● **DIRECTIONS FOR THIS TASK**: Send back every record exactly.

● **DATA FOR ANALYSIS**:

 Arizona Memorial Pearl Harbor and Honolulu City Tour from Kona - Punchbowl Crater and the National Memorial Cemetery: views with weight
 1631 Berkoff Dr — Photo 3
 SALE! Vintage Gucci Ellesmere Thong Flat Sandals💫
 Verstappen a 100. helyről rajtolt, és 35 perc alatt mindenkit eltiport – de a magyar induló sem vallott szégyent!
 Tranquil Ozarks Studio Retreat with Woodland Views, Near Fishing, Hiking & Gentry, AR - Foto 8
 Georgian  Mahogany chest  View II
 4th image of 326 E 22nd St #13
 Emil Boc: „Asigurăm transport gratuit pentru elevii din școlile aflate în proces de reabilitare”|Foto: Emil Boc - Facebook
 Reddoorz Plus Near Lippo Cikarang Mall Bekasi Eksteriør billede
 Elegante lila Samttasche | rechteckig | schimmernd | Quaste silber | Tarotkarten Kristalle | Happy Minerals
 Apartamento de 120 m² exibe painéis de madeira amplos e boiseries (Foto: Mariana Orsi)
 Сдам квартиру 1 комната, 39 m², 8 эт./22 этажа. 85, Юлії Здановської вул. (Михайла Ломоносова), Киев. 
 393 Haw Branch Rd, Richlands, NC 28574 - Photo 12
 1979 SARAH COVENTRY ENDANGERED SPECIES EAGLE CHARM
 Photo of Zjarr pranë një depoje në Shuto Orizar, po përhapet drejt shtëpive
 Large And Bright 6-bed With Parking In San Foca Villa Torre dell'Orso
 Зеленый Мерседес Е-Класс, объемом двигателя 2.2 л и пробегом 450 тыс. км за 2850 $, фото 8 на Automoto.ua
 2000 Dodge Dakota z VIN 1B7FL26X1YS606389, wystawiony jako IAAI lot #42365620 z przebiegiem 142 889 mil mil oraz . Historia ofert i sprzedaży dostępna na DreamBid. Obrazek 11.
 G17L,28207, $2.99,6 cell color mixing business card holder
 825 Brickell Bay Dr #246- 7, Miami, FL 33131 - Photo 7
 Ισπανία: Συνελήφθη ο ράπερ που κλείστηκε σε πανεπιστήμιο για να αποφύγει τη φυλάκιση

● **TASK OUTPUT**:
 Arizona Memorial Pearl Harbor and Honolulu City Tour from Kona - Punchbowl Crater and the National Memorial Cemetery: views with weight
 1631 Berkoff Dr — Photo 3
 SALE! Vintage Gucci Ellesmere Thong Flat Sandals💫
 Verstappen a 100. helyről rajtolt, és 35 perc alatt mindenkit eltiport – de a magyar induló sem vallott szégyent!
 Tranquil Ozarks Studio Retreat with Woodland Views, Near Fishing, Hiking & Gentry, AR - Foto 8
 Georgian  Mahogany chest  View II
 4th image of 326 E 22nd St #13
 Emil Boc: „Asigurăm transport gratuit pentru elevii din școlile aflate în proces de reabilitare”|Foto: Emil Boc - Facebook
 Reddoorz Plus Near Lippo Cikarang Mall Bekasi Eksteriør billede
 Elegante lila Samttasche | rechteckig | schimmernd | Quaste silber | Tarotkarten Kristalle | Happy Minerals
 Apartamento de 120 m² exibe painéis de madeira amplos e boiseries (Foto: Mariana Orsi)
 Сдам квартиру 1 комната, 39 m², 8 эт./22 этажа. 85, Юлії Здановської вул. (Михайла Ломоносова), Киев. 
 393 Haw Branch Rd, Richlands, NC 28574 - Photo 12
 1979 SARAH COVENTRY ENDANGERED SPECIES EAGLE CHARM
 Photo of Zjarr pranë një depoje në Shuto Orizar, po përhapet drejt shtëpive
 Large And Bright 6-bed With Parking In San Foca Villa Torre dell'Orso
 Зеленый Мерседес Е-Класс, объемом двигателя 2.2 л и пробегом 450 тыс. км за 2850 $, фото 8 на Automoto.ua
 2000 Dodge Dakota z VIN 1B7FL26X1YS606389, wystawiony jako IAAI lot #42365620 z przebiegiem 142 889 mil mil oraz . Historia ofert i sprzedaży dostępna na DreamBid. Obrazek 11.
 G17L,28207, $2.99,6 cell color mixing business card holder
 825 Brickell Bay Dr #246- 7, Miami, FL 33131 - Photo 7
 Ισπανία: Συνελήφθη ο ράπερ που κλείστηκε σε πανεπιστήμιο για να αποφύγει τη φυλάκιση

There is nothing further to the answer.